TASK INSTRUCTIONS: Without any pictures, print the lines below from the one that has "Douglas Brinkley holding a mic" through the one that has "The concept of", exactly and nothing else.
==*==
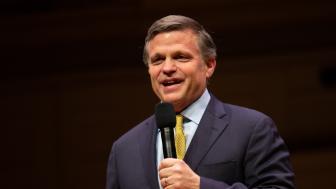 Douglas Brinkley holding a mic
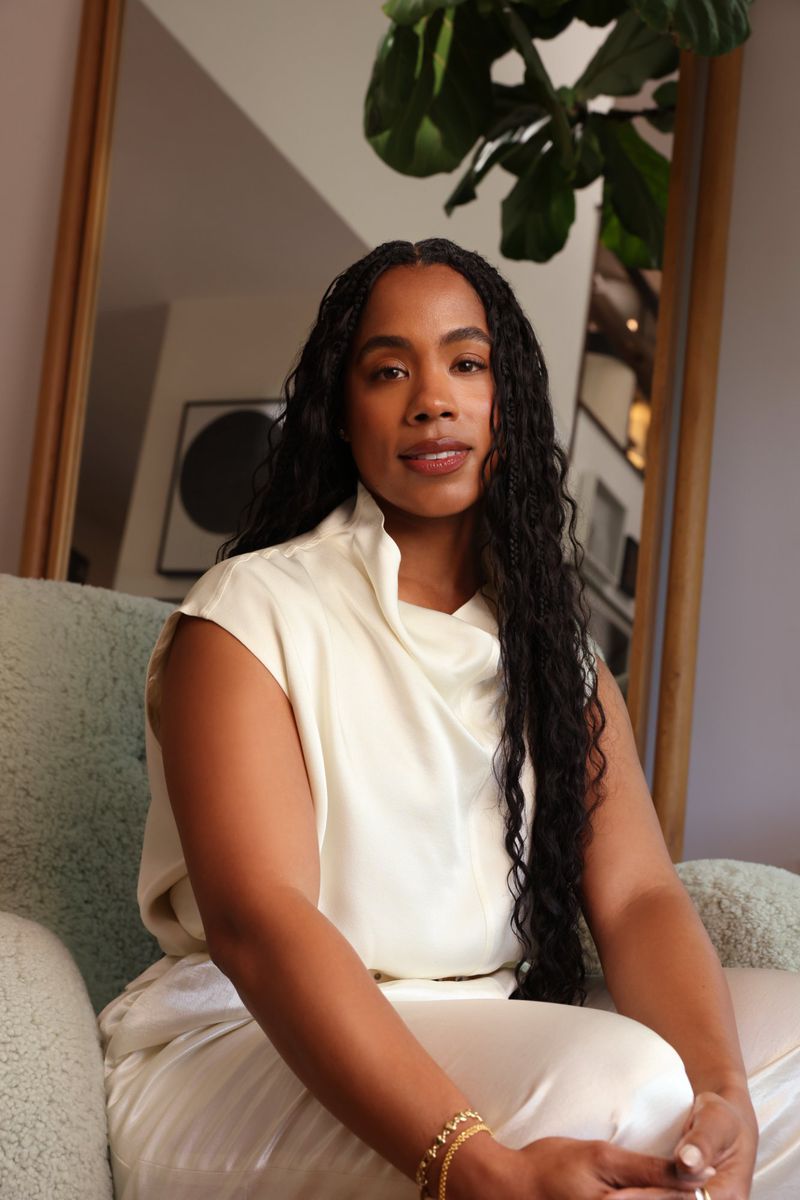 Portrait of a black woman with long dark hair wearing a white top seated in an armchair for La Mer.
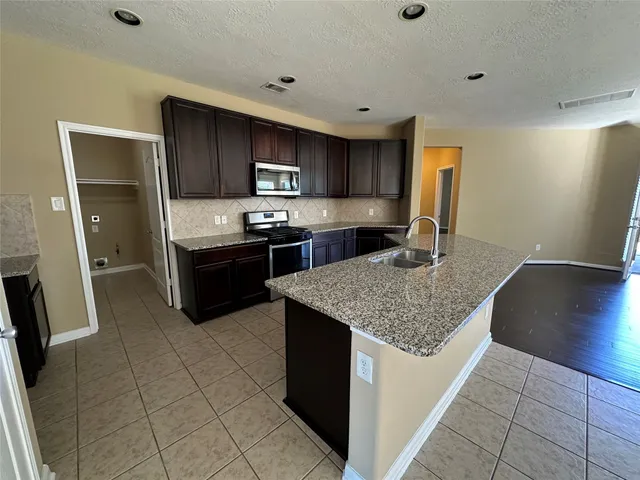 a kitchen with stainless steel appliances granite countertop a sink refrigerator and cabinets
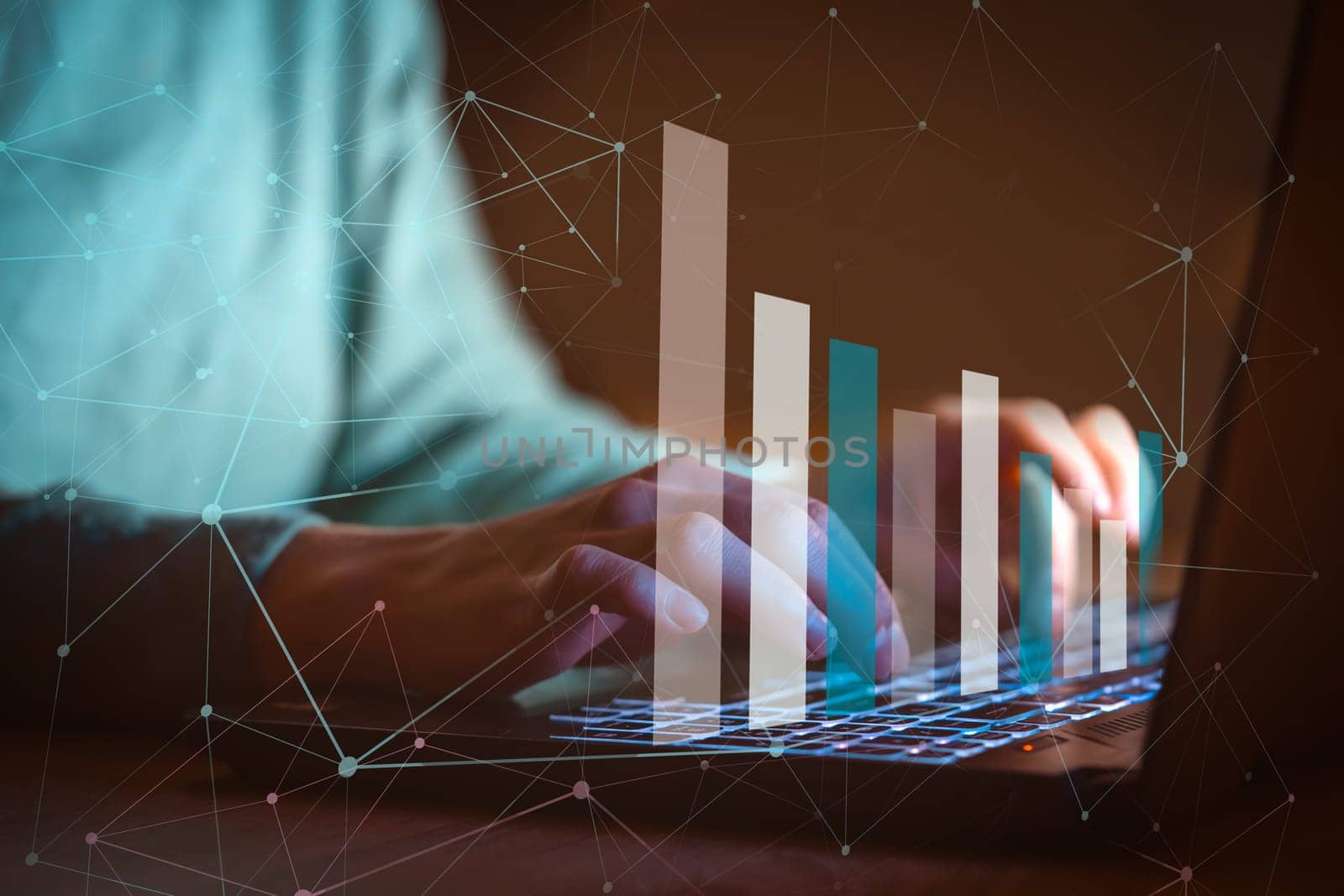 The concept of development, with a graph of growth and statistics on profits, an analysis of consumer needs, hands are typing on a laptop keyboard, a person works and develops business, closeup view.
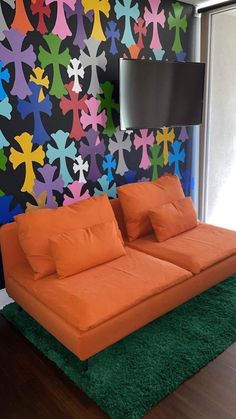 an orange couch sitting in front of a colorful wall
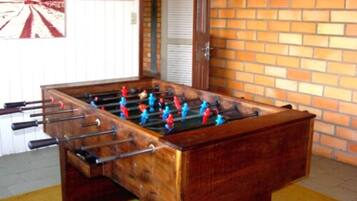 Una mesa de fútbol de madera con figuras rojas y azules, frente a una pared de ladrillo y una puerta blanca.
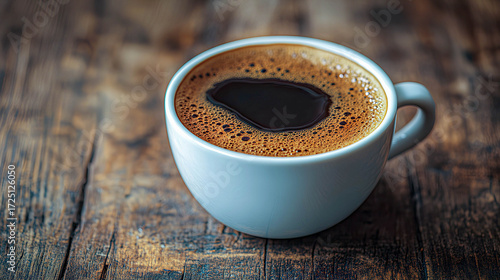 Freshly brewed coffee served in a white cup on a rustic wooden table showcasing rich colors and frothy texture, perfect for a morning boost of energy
==*==
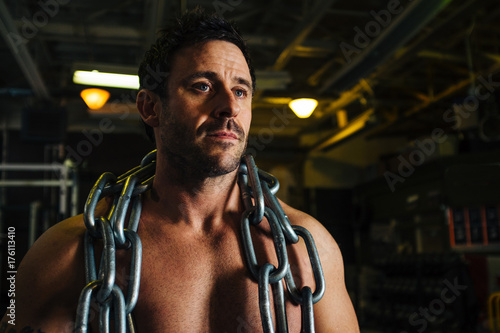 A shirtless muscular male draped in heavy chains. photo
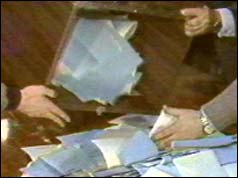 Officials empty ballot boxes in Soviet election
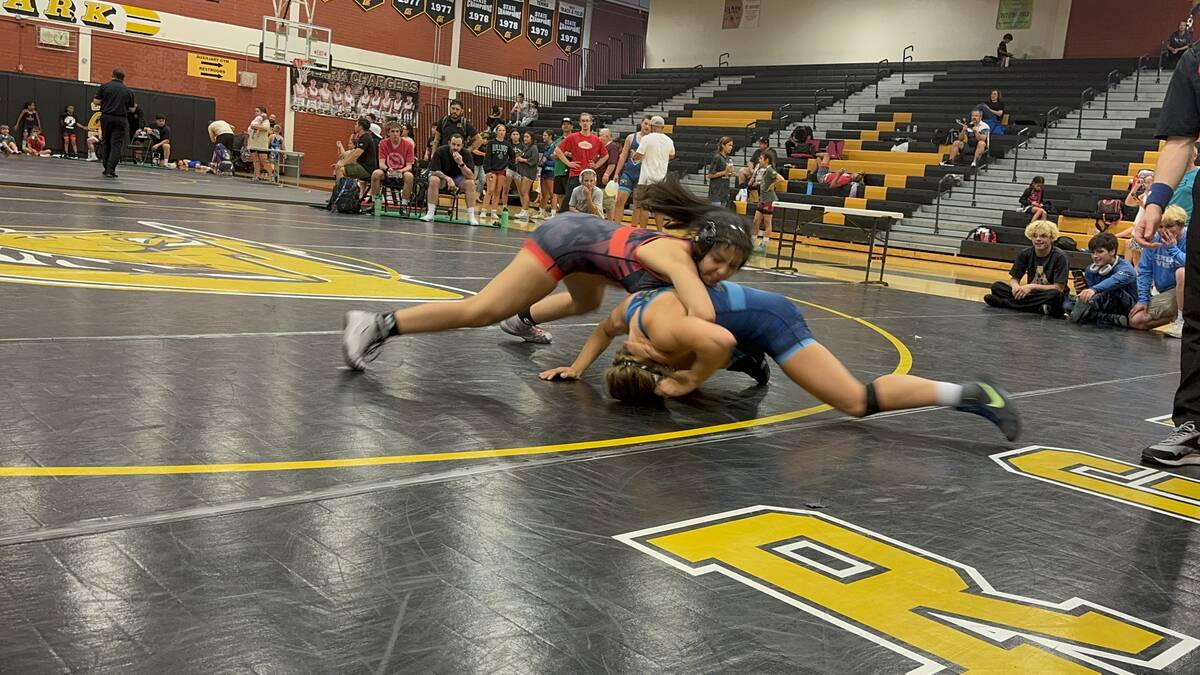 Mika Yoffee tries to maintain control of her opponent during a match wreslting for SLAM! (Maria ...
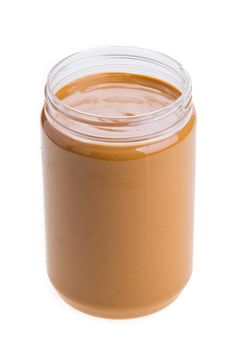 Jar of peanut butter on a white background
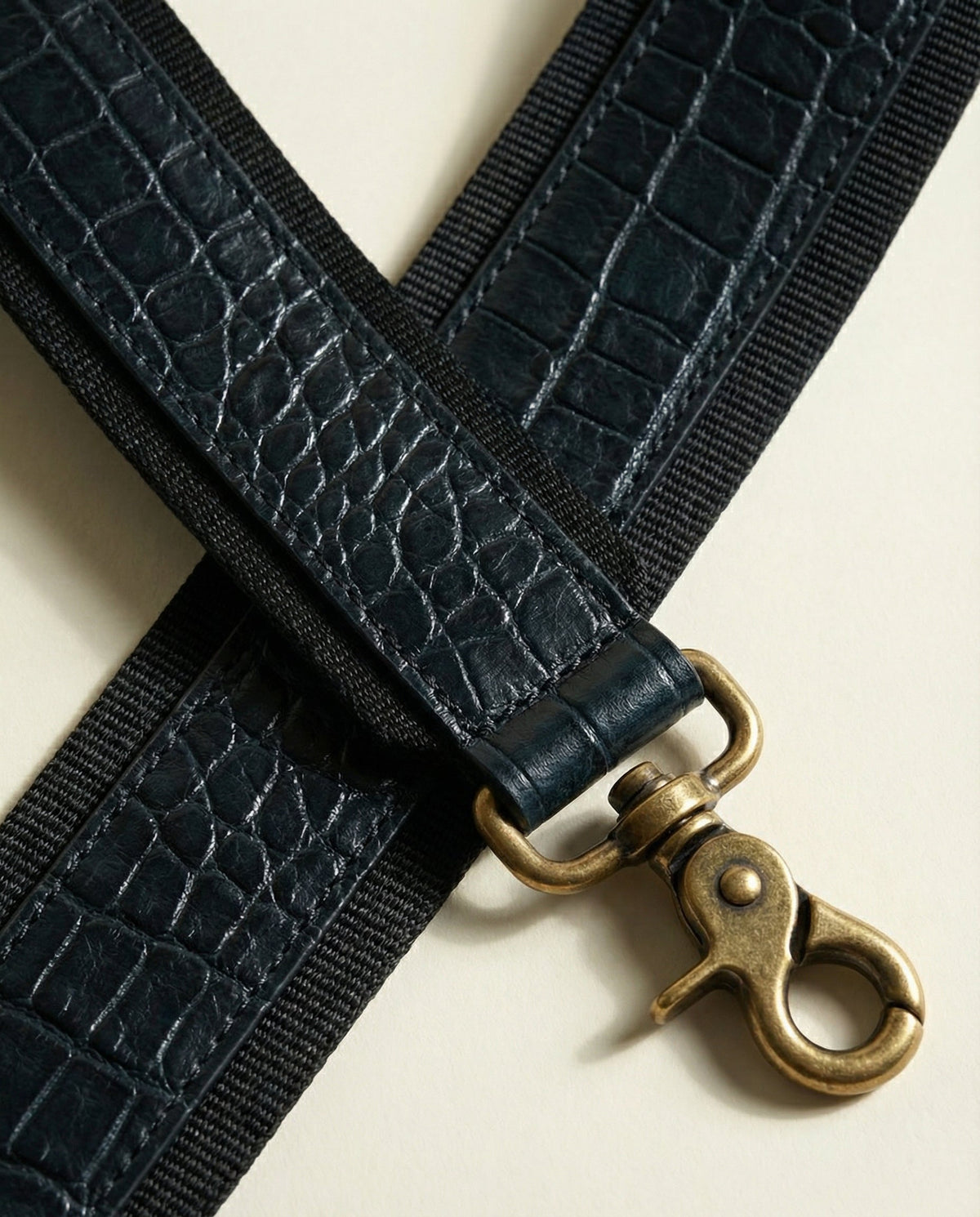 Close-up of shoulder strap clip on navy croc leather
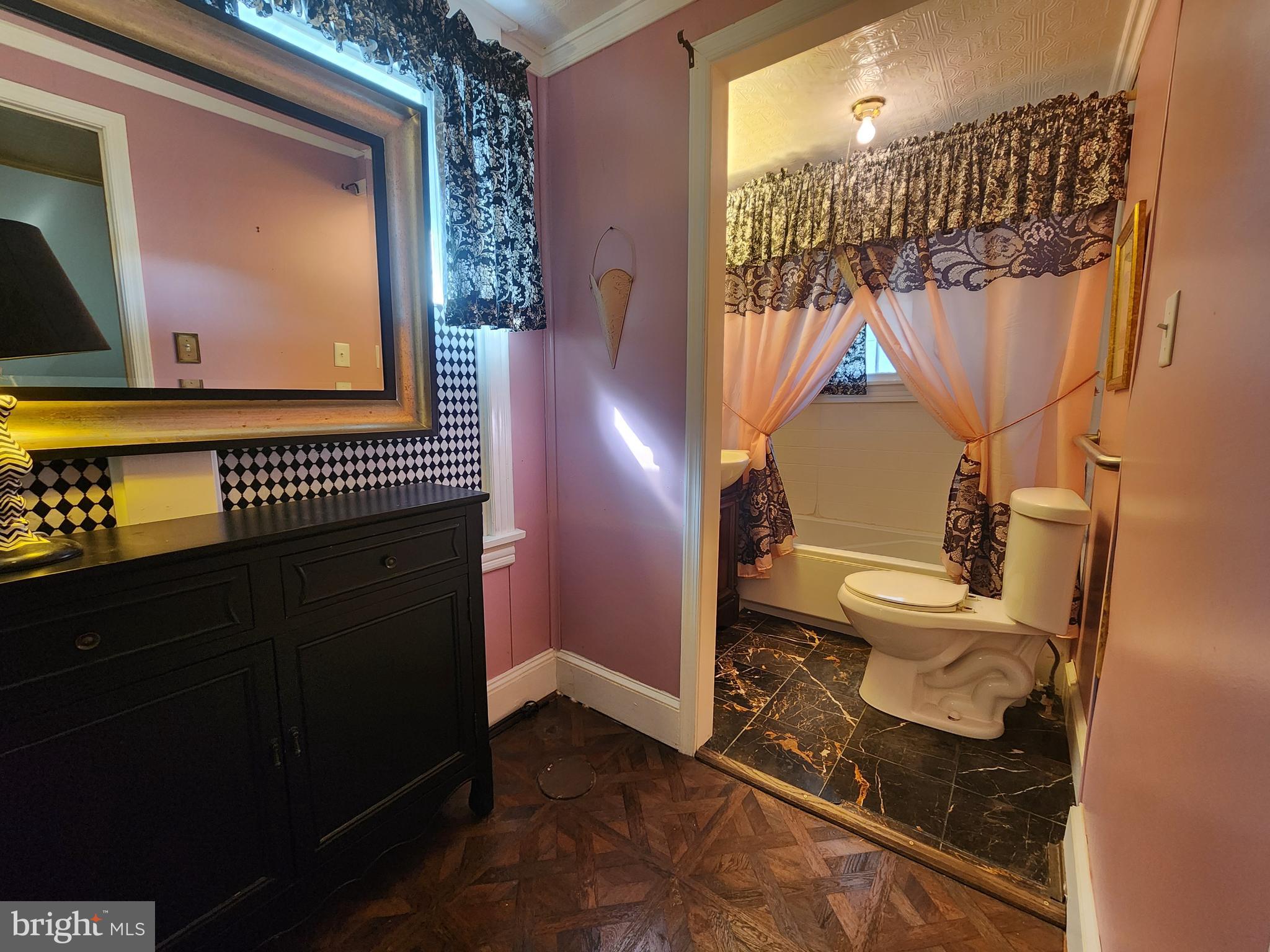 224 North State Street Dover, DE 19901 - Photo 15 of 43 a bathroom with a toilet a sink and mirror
==*==
FINAL ANSWER:
 Douglas Brinkley holding a mic
 Portrait of a black woman with long dark hair wearing a white top seated in an armchair for La Mer.
 a kitchen with stainless steel appliances granite countertop a sink refrigerator and cabinets
 The concept of development, with a graph of growth and statistics on profits, an analysis of consumer needs, hands are typing on a laptop keyboard, a person works and develops business, closeup view.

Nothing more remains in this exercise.